This is a technique used in English language arts classrooms to help students visually follow how various premises (i.e., evidence and reasoning provided) relate to one another and how they lead to the argument’s conclusion (i.e., claim; Morrow and Weston 2015). Students could, for example, examine the following argument: “The New York Yankees have won more World Series championships than any other team in baseball history. Therefore, the New York Yankees are the greatest team in baseball history.” Then students use active reading techniques to highlight the evidence (“E”; premise) statements and the claims (“C”; conclusions) within the prose. For example, “The [E: New York Yankees have won more World Series championships than any other team in baseball history]. Therefore, the [C: New York Yankees are the greatest team in baseball history].” Then they can physically draw arrows on the paper from E to C to map out the argument.

We can use an adaptation of this strategy when we ask students to work with data. For example, we can look at the water temperature data from two locations in the National Estuarine Research Reserve network (as suggested by the National Oceanic and Atmospheric Administration’s [NOAA] Seasonal Swings activity [see Resources]; Figure 2). We can draw circles around the highest and lowest temperatures for each location (California in green, Alaska in yellow) and make arrows for the ranges (California in blue, Alaska in red). Our evidence statements are:

  • E: In 2011 the lowest water temperature in California was 9°C (~48°F) and the highest water temperature was 22°C (~72°F, green circles).
  • E: In 2011 the water temperature in California ranged from 9–22°C (~48–72°F).
  • E: In 2011 the lowest water temperature in Alaska was 1°C (~34°F) and the highest water temperature was 12°C (~54°F, yellow circles).
  • E: In 2011 the water temperature in Alaska ranged from 1–12°C (~34–54°F).
FIGURE 2
Water temperature data

Our claim would be: “Therefore, C: ocean temperature is different across latitudes, as the range of water temperature in 2011 was overall warmer in California (9–22°C, ~48-72°F) than in Alaska (1–12°C, ~34–54°F).” By physically drawing on the data visualization, students use active reading techniques, which engage their brains in sense-making and provide visual cues as to what their evidence is and, thus, what should be included in their explanations.

Argue the opposite

This is a technique that has students work with their own data to dive more deeply into what the data do and do not show. Let’s help students to strengthen their understanding of the data and how to make sense of data by sometimes pushing them to argue the opposite of their claim, or something different from their first claim. Ask students to write down the opposite of their claim and try to find evidence within the data to support that opposite claim. The process of needing to find more than one claim from the data has many benefits for helping students developing data skills overall, but in this context, it can help students learn how to support a claim with evidence from the data.

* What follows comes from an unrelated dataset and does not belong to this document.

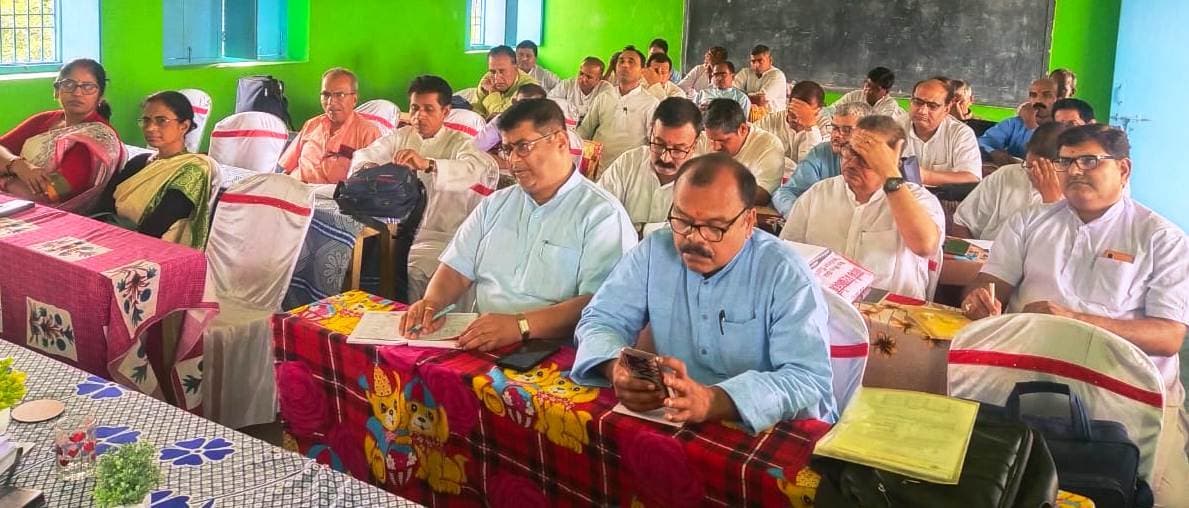 Bhagalpur news शिक्षा के साथ संस्कार व संस्कृति से जुड़े रहना जरूरी : बीडीओ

For example, using the agriculture and human population data from the California Academy of Sciences’ “Patterns: Agriculture + Human Population Growth” lesson (see Resources), many would claim that after agriculture was introduced, the human population increased in an area over space and time (see Figure 3). However, from these data we could also claim that where there are a lot of people (bright yellow), there is not land for agriculture (green), so agriculture has to move to locations surrounding the human population. Therefore, rather than arguing that the advent of agriculture in an area leads to a rise in human population, you could argue that the increase in human population in an area leads to a movement of agriculture to other areas. After developing a different claim with evidence, have students work with a partner and present their new claim. The partner is tasked with arguing the opposite or providing critique of the student’s evidence to support the opposite claim. This kind of argumentation from evidence helps students use the data to think about the spatial and temporal patterns.

FIGURE 3
Agriculture and human population growth data

Conclusion

These are just some of many strategies you can use to help students deepen their skills in integrating data into scientific explanations. Important things to consider with this data skill are evaluating how we are subconsciously supporting or hindering our students building the skill, as well as how our students gain and deepen their skills over time. Making the time to teach this skill will have wide-reaching benefits for your students’ understanding of how to construct arguments and make meaning of data.

References

McNeill K.L., and Krajcik J.S. 2011. Supporting grade 5–8 students in constructing explanations in science: The claim, evidence, and reasoning framework for talk and writing. London: Pearson.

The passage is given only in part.